As reported above, in the present study we performed the above mentioned evaluation not only in HF patients but also in healthy controls. This allowed us determine whether the results we described in HF were specific for this clinical condition or rather they could be observed also in the general population as well. The results show that, at variance from HF patients, in healthy subjects the HR cutoff for identifying a significant increase in the different adrenergic markers we employed is positioned at a higher value, namely 80 beats/minute. This cutoff value thus appears to be superimposable to the one we found in a previous study in patients with essential hypertension [23]. Although the reasons responsible for the difference in the cutoff value between HF and essential hypertensive patients remain to be clarified, a likely hypothesis is that, because in HF the magnitude of the sympathetic overdrive is much greater than that found in healthy controls and in hypertensive patients, it can be more frequently detected even at lower HR values.

An additional result of our study concerns the finding that in healthy controls, but not in HF patients, venous plasma NE is unable to detect the differences in the sympathetic activity observed via microneurography in the subgroups of patients displaying progressively greater HR values. This finding is in line with the results of previous studies by our group and others showing the reduced sensitivity of plasma NE, compared to MSNA, in detecting changes in sympathetic activity [11, 22, 24]. Finally, the results of the present study provide evidence that at variance from what we found in each single subgroup of HF patients characterized by progressively greater HR values, in healthy controls neither NE assay nor a much sensitive marker of sympathetic drive such as MSNA was capable to display a significant relationship with HR.

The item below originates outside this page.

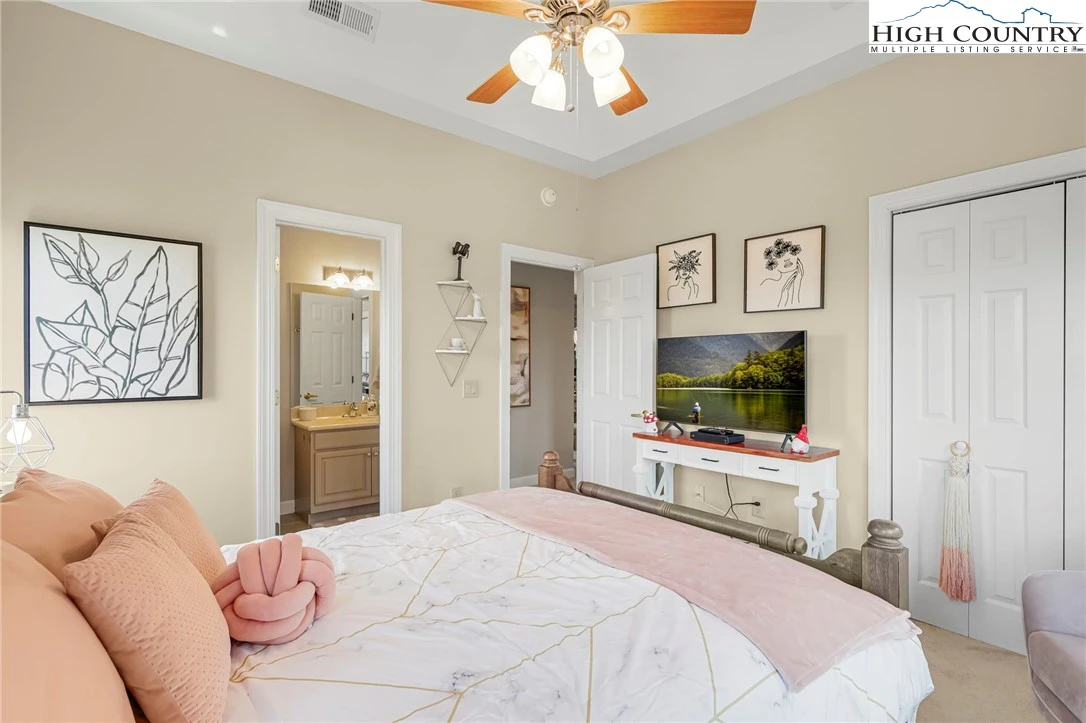 Image number 5 for the current listing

Limitations and clinical implications

Our study has some limitations but also clinical implications. One limitation refers to the retrospective nature of our study, which allowed us, however, to make use of one of the largest database available with the use of microneurographic nerve traffic recording together with venous plasma NE in assessing sympathetic drive in HF. A second limitation refers to the fact that due to ethical reasons we investigated HF patients under active pharmacological treatment with compounds capable to interfere with sympathetic cardiovascular regulation. It should be mentioned, however, that (1) the majority of HF patients evaluated in the present study were under treatment with a number of different compounds capable to trigger opposite sympathetic effects [18], thereby leaving, as a net result, sympathetic cardiovascular drive almost unaltered, and (2) beta-blocking drugs, i.e., the compounds directly acting on resting HR, were withdrawn 5–7 days prior to the study, allowing to rule out with a high probability any direct or indirect interference of these drugs with this hemodynamic variable as well as with the direct or indirect sympathetic indices employed in the present study.

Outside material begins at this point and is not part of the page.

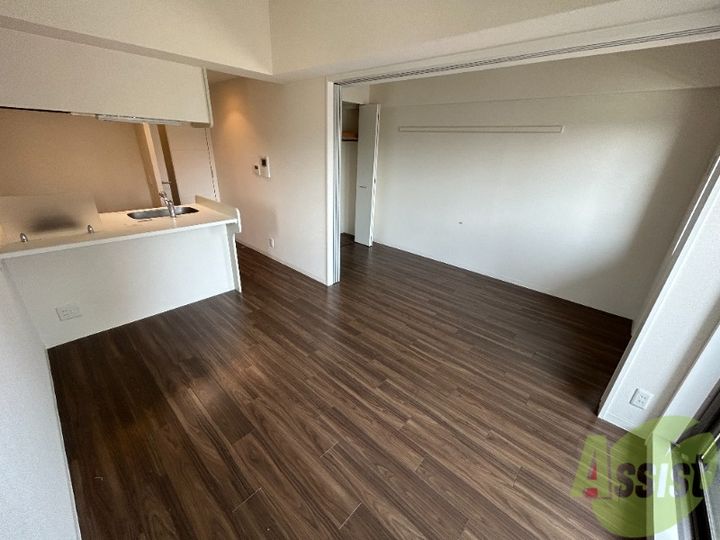 プレサンス新大阪ヴィガの居間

The clinical implications are that the evidence that in HF patients showing resting HR greater than 70 beats/minute sympathetic activity is already markedly increased provides an important pathophysiologic background for defining patients at greater cardiovascular risk. The same HR cutoff value appears to be valid for employing in the therapeutic approach to HF drugs capable to exert sympathomoderating properties [25].

Conclusions

In HF HR values greater than 70 beats/minute are associated with an increased sympathetic activation, both when assessed by direct recording of MSNA and when evaluated as plasma NE concentrations. The sympathetic overdrive parallels for magnitude the HR elevations, this being the case for both clinic and 24 h HR.